THE OTHER SIDE OF THE ROCK

“S
afinar!” Grandpa called again, but he didn’t really think she would hear. She’d gone ahead up the path long ago without seeing him, and he couldn’t run to catch up, not any more. His breath caught and wheezed painfully in a chest worn out with years of labour, years of grief. I’m too old, Grandpa thought. And what did I want to say to her anyway? She’ll look her questions at me that I no longer know how to answer.

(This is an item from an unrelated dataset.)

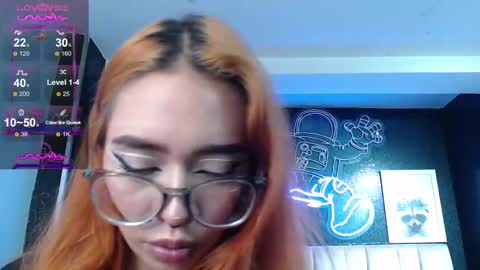 Anni acker b online show from February 15, 2025, 1:53 am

Grandpa sat down on a rock to rest. The trouble with being old is that children think you know everything, he thought. They look up with trusting faces; my Safi looks up, drinking in my stories, expecting me to have all the answers because I’m beyond puzzlement, beyond doubt, beyond fear. And then these children grow up a little more, and now they think – Lutfi thinks – that I know nothing worth knowing because I’m beyond love, beyond joy, beyond pain. Sometimes they’re right; mostly they’re wrong. But it’s a wrongness we can do nothing about; it’s just the way life is. There’s a rock bigger than Mangup-Kalye between the old man I am and the children they are.

Grandpa folded his arms over his aching chest to keep it warm. The birds sang. The new leaves smelt fresh and sweet. His head in its round sheepskin cap nodded gently onto his chest.

I was on their side of the rock once, on the path that leads to the top of Mangup-Kalye, just about bursting with joy and love and fear. When I was a boy, I could run up that path in fifteen minutes. A bomb might fall on our heads any second, a plane tumble and crash; there were partisans hiding in the forest like Alim’s bandits; and my Safinar was waiting for me. Eh, life was worth living!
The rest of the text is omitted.